Немного подумав, Сушко снова обратился к Петру Апполинарьевичу:

– Там, в Сыскной, что вы хотели сказать словом «близнецы»?

– А вы уверены, что наблюдая за Шнайдером вы видите именно Шнайдера, а не Коха? – вопросом на вопрос ответил Вяземский и продолжил свою мысль следующей фразой. – Я теперь уверен, что между ними существует связь. Кох нуждается в деньгах, а Шнайдер способен оплатить его услуги. Оба одиноки, значит свидетелей их отношений нет. Но это лишь моё, частное мнение. Разбираться прийдётся вам, Лавр Феликсович. Прошу прощения, в дверь звонят, это очевидно посыльный от Путилина. Ещё раз извините, я отключаюсь. Ждите утра!

Из ресторации Сушко вышел совсем в другом расположении духа, изменилось и его настроение. Не смотря на неудачу на Сенном, розыск Беса не встал на месте, он продолжался с новой силой, с новыми возможностями. Значит день был прожит совсем не зря. Теперь Лавру Феликсовичу хотелось лишь одного: раздеться, лечь на кровать и укрыться одеялом, дать отдых усталому разуму и телу. Спать, спать, спать…

Уже накрапывал дождь, но Вяземский отправился на встречу со старым знакомцем из мира газет, журналов, репортёров, печатных новостей и скандалов – Платоном Сергеевичем Скобеевым, почитателем Пушкина и коллекционером его первых изданий. Не так давно Вяземский обращался к Скобееву по поводу стьи в «Санкт-Петербургских ведомостях». Встреча должна была состояться в кофейне Вольфа и Беранже.

Кофейня-кондитерская Вольфа и Беранже существовала в Санкт-Петербурге с первой половины текущего века на углу Невского проспекта и Мойки, по адресу Невский 18. Она была основана швейцарцами Соломоном Вольфом и кондитером Беранже, настоящее имя Тобиас Брангер. Оба прибыли в Петербург из Давоса вместе со множеством других австрийских подмастерьев для работы в кондитерских и пекарнях российской столицы. Кондитерская разместилась в небольшом помещении, на первом этаже в доме Котомина. Шло время, и заведение завоевало репутацию лучшей кофейни в Петербурге и Российской империи.

Здесь, помимо сладостей, завтрака-обеда-ужина, кофе и чая, посетители могли читать свежие журналы и газеты, как отечественные, так и зарубежные. Для этого в заведении Вольфа и Беранже были открыты курительный и читальный залы. Однако, само заведение оставалось безликим в плане своего, собственного стила, которого пока ни у кого не было.
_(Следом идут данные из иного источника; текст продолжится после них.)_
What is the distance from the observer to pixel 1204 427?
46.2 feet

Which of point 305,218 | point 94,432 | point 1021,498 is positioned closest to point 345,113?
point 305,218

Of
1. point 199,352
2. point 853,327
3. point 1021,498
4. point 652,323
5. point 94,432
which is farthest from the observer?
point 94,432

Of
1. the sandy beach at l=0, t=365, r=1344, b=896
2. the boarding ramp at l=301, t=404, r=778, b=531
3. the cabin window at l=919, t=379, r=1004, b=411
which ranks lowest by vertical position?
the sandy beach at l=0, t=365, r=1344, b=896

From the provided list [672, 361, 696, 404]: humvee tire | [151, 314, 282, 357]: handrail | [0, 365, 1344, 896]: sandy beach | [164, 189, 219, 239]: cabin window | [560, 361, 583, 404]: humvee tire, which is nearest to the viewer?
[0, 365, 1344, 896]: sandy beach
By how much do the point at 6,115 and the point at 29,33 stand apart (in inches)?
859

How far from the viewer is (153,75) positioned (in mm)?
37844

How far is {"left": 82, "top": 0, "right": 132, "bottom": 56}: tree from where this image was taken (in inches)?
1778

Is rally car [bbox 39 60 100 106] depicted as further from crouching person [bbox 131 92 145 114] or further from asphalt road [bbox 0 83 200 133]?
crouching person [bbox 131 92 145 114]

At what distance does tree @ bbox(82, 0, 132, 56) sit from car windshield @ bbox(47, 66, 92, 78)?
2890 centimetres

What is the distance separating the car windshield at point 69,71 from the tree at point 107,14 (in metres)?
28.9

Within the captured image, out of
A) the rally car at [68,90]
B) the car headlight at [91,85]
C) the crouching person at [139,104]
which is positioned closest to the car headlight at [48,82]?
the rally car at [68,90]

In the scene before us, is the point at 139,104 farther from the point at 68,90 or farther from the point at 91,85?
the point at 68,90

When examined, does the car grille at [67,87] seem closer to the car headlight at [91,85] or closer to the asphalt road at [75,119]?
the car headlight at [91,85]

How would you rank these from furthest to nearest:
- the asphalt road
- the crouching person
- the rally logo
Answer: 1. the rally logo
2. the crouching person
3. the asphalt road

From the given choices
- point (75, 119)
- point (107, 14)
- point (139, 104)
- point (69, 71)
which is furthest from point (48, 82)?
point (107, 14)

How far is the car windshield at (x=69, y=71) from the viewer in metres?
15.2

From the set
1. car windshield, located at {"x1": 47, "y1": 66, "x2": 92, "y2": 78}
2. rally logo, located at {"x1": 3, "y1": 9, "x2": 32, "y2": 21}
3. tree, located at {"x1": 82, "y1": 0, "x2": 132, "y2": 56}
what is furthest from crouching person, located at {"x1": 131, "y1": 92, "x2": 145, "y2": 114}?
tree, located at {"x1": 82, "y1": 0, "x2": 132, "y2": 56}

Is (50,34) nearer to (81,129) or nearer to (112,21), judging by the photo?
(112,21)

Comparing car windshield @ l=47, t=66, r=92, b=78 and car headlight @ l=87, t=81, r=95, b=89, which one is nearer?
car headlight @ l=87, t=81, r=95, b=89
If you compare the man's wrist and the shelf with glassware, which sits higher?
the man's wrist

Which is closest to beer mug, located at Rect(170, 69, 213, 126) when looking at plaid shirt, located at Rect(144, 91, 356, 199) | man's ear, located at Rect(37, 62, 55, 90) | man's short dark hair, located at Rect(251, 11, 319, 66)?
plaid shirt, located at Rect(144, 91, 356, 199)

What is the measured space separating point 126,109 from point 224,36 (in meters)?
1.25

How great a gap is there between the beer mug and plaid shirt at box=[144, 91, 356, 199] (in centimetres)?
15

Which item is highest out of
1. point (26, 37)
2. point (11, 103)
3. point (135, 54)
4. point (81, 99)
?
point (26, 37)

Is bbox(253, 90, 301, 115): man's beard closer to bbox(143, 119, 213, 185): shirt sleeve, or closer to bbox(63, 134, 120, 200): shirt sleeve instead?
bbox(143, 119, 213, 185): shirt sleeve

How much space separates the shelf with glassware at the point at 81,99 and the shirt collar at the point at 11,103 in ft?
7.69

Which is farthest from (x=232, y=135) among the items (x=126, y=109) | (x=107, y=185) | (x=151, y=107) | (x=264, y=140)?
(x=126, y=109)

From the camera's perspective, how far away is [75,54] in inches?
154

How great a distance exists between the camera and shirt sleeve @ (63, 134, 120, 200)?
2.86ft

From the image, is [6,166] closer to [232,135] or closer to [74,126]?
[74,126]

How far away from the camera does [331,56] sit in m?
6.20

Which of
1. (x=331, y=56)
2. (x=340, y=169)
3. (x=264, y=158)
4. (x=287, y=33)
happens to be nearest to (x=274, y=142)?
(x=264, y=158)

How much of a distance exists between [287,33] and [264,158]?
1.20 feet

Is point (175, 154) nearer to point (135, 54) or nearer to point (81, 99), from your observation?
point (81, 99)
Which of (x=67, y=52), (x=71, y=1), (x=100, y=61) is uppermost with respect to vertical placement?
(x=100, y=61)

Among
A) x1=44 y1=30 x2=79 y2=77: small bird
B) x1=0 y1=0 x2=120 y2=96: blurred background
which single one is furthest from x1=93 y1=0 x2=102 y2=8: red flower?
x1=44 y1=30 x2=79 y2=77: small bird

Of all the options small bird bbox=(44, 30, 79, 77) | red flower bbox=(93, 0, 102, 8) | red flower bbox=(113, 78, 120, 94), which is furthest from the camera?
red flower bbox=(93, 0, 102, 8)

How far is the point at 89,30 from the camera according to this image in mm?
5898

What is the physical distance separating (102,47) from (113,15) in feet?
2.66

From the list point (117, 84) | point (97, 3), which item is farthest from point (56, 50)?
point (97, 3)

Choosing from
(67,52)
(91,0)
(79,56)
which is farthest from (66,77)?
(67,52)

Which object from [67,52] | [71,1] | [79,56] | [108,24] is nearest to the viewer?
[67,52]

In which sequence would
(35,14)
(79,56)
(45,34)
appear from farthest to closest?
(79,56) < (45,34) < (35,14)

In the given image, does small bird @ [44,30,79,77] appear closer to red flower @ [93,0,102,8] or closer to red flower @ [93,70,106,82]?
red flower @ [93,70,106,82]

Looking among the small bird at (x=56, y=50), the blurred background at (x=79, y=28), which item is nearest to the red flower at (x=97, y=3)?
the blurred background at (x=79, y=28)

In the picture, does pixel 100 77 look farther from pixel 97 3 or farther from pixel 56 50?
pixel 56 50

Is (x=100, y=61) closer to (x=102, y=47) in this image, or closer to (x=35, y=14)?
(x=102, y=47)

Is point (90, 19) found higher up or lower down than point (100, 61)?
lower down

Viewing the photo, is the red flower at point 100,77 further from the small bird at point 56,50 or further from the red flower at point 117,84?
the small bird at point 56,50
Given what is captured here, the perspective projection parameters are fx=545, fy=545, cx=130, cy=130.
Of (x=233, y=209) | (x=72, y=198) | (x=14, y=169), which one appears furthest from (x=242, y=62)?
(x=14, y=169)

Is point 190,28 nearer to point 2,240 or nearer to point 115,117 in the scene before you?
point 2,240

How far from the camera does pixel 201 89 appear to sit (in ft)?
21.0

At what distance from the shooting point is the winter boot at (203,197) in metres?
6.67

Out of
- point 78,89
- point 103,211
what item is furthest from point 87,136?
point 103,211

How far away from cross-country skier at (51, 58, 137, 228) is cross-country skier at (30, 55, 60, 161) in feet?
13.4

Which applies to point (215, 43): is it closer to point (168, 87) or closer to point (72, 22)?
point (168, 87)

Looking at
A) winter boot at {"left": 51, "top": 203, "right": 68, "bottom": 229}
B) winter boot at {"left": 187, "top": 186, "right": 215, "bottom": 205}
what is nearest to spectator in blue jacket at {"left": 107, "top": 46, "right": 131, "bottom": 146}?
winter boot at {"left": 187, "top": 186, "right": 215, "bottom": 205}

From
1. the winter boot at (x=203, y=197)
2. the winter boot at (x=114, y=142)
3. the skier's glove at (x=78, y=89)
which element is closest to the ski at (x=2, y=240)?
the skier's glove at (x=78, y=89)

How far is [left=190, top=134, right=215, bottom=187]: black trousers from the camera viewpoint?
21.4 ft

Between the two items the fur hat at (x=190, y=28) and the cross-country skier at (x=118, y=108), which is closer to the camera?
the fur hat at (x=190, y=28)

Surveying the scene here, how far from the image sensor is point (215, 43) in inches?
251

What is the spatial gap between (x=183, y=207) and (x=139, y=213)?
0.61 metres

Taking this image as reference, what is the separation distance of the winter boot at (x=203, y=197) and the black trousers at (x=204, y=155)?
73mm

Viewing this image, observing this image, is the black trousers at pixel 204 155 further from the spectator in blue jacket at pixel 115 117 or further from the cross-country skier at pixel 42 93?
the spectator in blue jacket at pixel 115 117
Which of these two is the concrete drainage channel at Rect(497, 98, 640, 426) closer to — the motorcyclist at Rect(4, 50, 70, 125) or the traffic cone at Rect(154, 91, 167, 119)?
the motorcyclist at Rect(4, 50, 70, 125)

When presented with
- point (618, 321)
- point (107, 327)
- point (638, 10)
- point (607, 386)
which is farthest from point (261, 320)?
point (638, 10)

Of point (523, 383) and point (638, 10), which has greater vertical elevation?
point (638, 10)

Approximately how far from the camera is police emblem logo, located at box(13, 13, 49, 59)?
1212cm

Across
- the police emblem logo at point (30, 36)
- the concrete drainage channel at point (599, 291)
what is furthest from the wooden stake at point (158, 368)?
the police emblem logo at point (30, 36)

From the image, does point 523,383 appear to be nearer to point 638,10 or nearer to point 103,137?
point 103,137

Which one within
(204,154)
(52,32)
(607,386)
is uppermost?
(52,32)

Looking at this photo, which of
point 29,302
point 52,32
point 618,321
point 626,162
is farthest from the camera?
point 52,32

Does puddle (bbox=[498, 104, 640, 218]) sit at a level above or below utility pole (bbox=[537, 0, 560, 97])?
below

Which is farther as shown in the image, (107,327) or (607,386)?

Тогда Вольф и Беранже перестроили кондитерскую и открыли кафе в китайском стиле, переименовав его в «Café chinois». Китайские мотивы использовались в фарфоровой посуде, мебели и обивке стен. Вечером в кафе зажигали китайские фонарики. За витриной стояли два китайца – мужчина и женщина, которые постоянно кланялись, завлекая посетителей; внутри помещения пахло благовониями. В честь приезда в Петербург знаменитой итальянской балерины Марии Тальони в кондитерской испекли пирог с портретом балерины, сделанным из крема. Вот в каком пафосно-помпезном месте состоялась встреча двух приятелей.

Мужчины устроились за столиком в глубине зала. Вяземский заказал кофе и обожаемые Скобеевым эклеры, в дополнение к которым взял и любимый десерт Платона Сергеевича.

– Как вы находите первое издание «Евгения Онегина», любезный Платон Сергеевич, – приступил к разговору Вяземский. – Смирдин отпечатал около 3000 экземпляров по цене одного в 5 рублей. И тираж просто расхватали, а случилось это 53 года назад. Теперь каждая книга 1833 года – раритет. Надеюсь, я удовлетворил ваш собирательский голод?

– О, дражайший Пётр Апполинарьевич, я просто потрясён, убит наповал, – ответил Скобеев. – Процесс «поглавного» выпуска в журнале для меня оказался крайне волнителен после того, как, по досужим слухам, Александр Сергеевич чуть не проиграл в карты пятую главу. Но и у меня для вас есть равноценный обмен. Днями вам доставят «Скупой, или Школа лжи» Мольера, парижское издание начала нашего века.

Потом какое-то время приятели молча пили кофе и насыщались сладостями. Вяземский умел сочетать приятное с полезным, и, по удовлетворённому едой и кофе взгляду Скобеева, понял, что настала пора приступить к основной теме сегодняшней встречи.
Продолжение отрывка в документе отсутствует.